There are several significant and improved differences between this and our past work. Firstly, since we do not know in advance the true toxicity probabilities, we have applied the same list of skeleton values for all possible scenarios of true toxicity probabilities. This helps establish the robustness of the CRM design. Secondly, although by means of simulation we have observed better performance of our new function by choosing different values of \(\alpha\) and \(\beta\) for different scenarios, we pick only one set of values \(\beta = -5\) and \(\alpha =4\) in all simulations. This avoids cherry-picking and also assesses the robustness of the new CRM function. Lastly, in our previous publication ?, the CRM design for a single drug is good in the sense that no patient is allocated to unsafe doses. However, the drawback is that no toxicity information is available on high dose levels and it is not reliable to perform statistical analysis of the true MTD. For drug combination, we have avoided this pitfall by tuning the parameters of our new CRM function so that it allocates patients to virtually all possible dose combinations.

We have studied the performance of three CRM functions: our new function, and the power and hyperbolic tangent functions.

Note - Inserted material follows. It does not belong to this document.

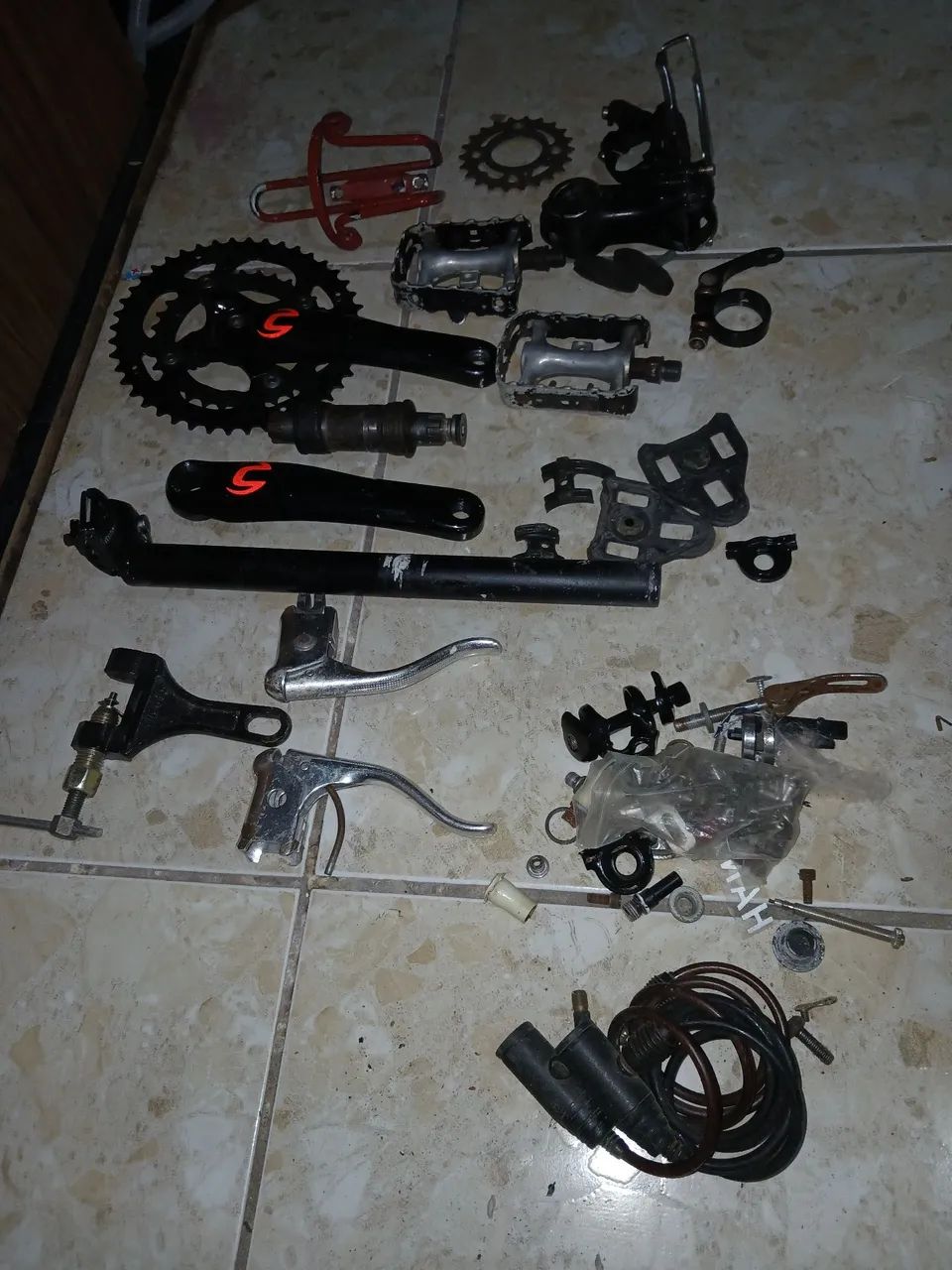 Peças usadas de bicicleta MTB.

Both the power and hyperbolic tangent functions are parsimonious with only one parameter \(\alpha\), which is treated to be random under the Bayesian approach. They may be regarded as fixed designs because there are no tuning parameters. On the other hand, our new function is more complex with few tuning parameters. But on the other side of the same coin, having tuning parameters gives us some flexibility and possible improvement, and if the right values are chosen for the tuning parameters, our new function can actually do better than the fixed designs.

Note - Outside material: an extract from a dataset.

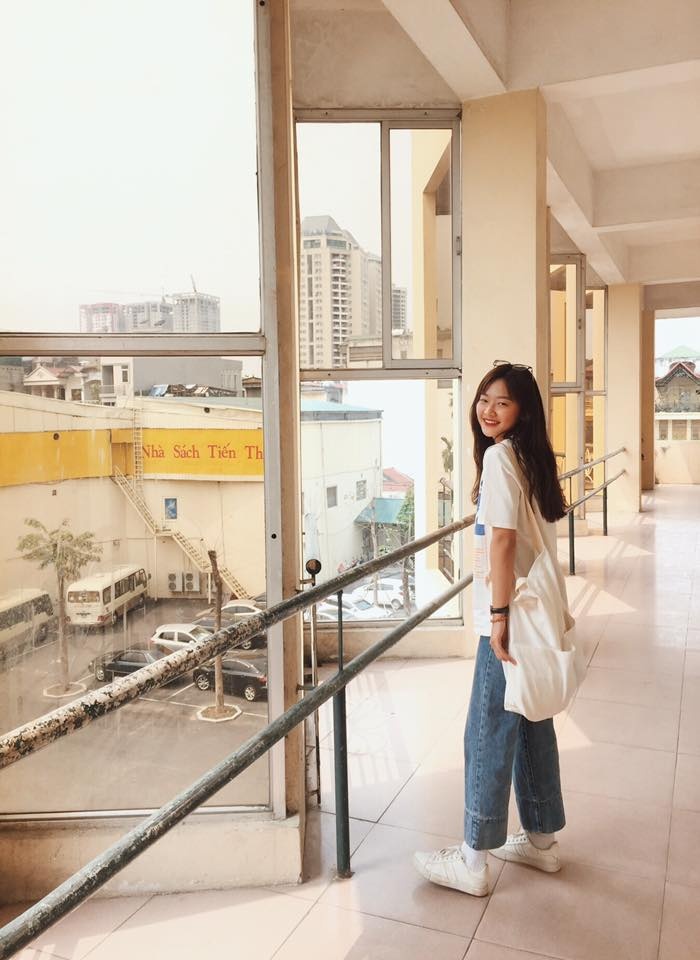 Nu chinh xinh dep trong MV cua Issac anh 7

In fact, by trial and error, we have identified different values of \(\alpha\) and \(\beta\) for any chosen scenario such that our new function actually performs better than the fixed designs. However, no set of \(\alpha\) and \(\beta\) values is the best in all scenarios. To avoid cherry-picking and maintain uniformity, we decide to report only one common set of values for \(\alpha\) and \(\beta\) which give reasonably good results in all scenarios.